Photos de Sándor Márai - Babelio.comJe récidive avec l’un de mes écrivains préférés, le Grand Sándor Márai  et ce livre, le dernier  traduit par Catherine Fay, est paru ( bien sûr) chez Albin Michel fin 2012. Ce ne sera pas l’un de mes favoris : un peu lent à démarrer, un peu abscons, un peu pâteux, surtout la première partie, mais c’est un Márai, c’est à dire toujours intéressant et profond, compliqué, torturé et psychologique. En revanche je ne  recommanderais pas la lecture à quelqu’un qui veut lire un premier livre du génial hongrois;   dans ce cas je recommanderais de commencer par un de ses livres avec une confrontation à deux personnages, là où Márai excelle: Divorce à Buda, L’Héritage d’Esther ou mon préféré,  Les braises, son best seller !

Sándor Márai est un  écrivain et journaliste hongrois né en 1900, de son vrai nom Sándor Grosschmid; il s’est donné la mort à San Diego, USA, en 1989 . Il vivait exilé aux États Unis depuis 1980 où il avait pris la nationalité américaine.

Pendant son exil et à partir de 1948, l’écrivain avait été oublié en Europe où il ne sera redécouvert que après sa mort vers 1990 grâce aux Éditions Albin Michel.

Aujourd’hui l’œuvre de Márai est considérée comme faisant partie du patrimoine européen avec une réputation à l’égal de Stefan Zweig, Joseph Roth, Arthur Schnitzler, Musil, Rilke, Kafka, Kundera,  etc.
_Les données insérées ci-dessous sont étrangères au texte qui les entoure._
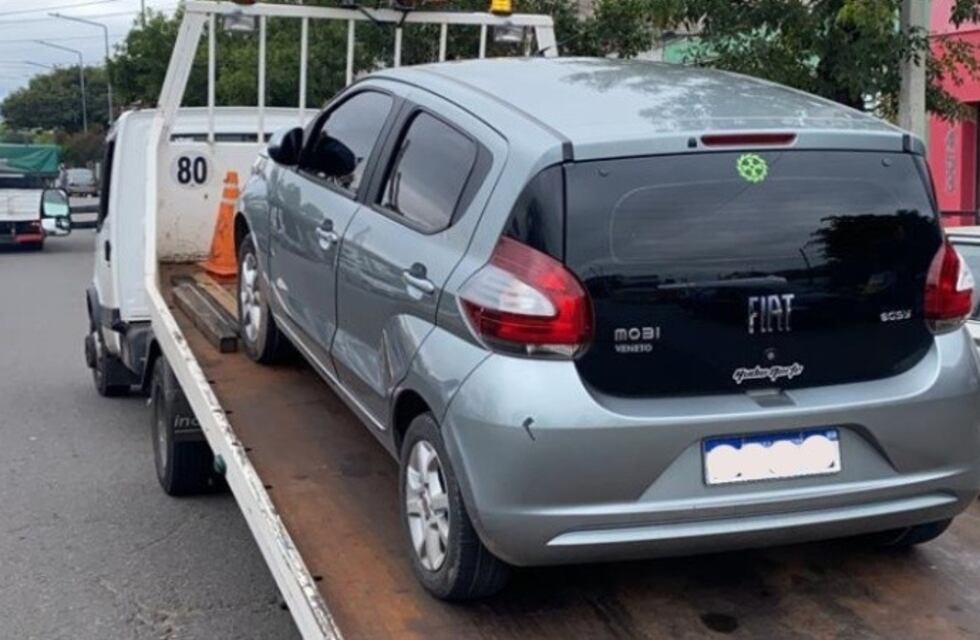 El municipio secuestró tres vehículos que trabajaban con Uber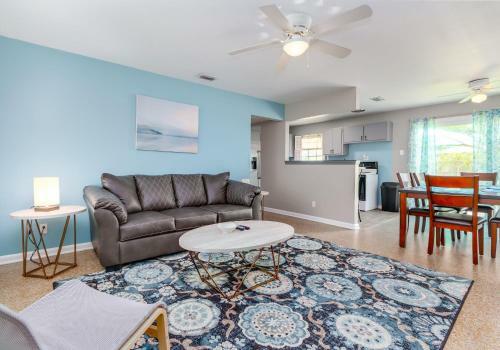 Charming Cozy Cottage In South Tampa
Ce sont des écrivains consacrés de la mittel-Europa.

Ce livre Les étrangers fut publié en 1931 ( écrit en 1930), alors que Márai vient de passer 5 années à Paris. Il s’agit d’une plongée dans le Paris d’Entre-deux- guerres, ville d’immigration, bien moins accueillante que ne le voudrait le mythe de « Paris est une fête » de Hemingway. Dans Les étrangers on aborde  l’éducation sentimentale du narrateur avec une saisie de l’air du temps, en même temps que il y a une critique frontale d’une certaine xénophobie à la française qu’il dépeint avec un réalisme par moments déprimant,  c’est le quotidien solitaire d’un jeune immigré hongrois, docteur en philosophie à Paris en 1926, au détour d’une année à Berlin; c’est  l’errance du héros qui est en soi un voyage, et d’abord un voyage intérieur. C’est la version magyar du Spleen de Paris où,   étranger à une langue,  étranger à une terre,  étranger aux autres et à lui même, un héros sans nom  rêvera d’être un « citoyen du monde », mais  restera victime des préjugés de son époque (cf André Clavel dans Lire). Comme dans un long rêve éveillé, l’écrivain magyar examine ses gestes, examine ses mots, ses tropismes. Il nous brosse un vibrant portrait de la vie à Paris à la fin des années folles, chef-lieu d’une douce France qui peut être rugueuse aussi.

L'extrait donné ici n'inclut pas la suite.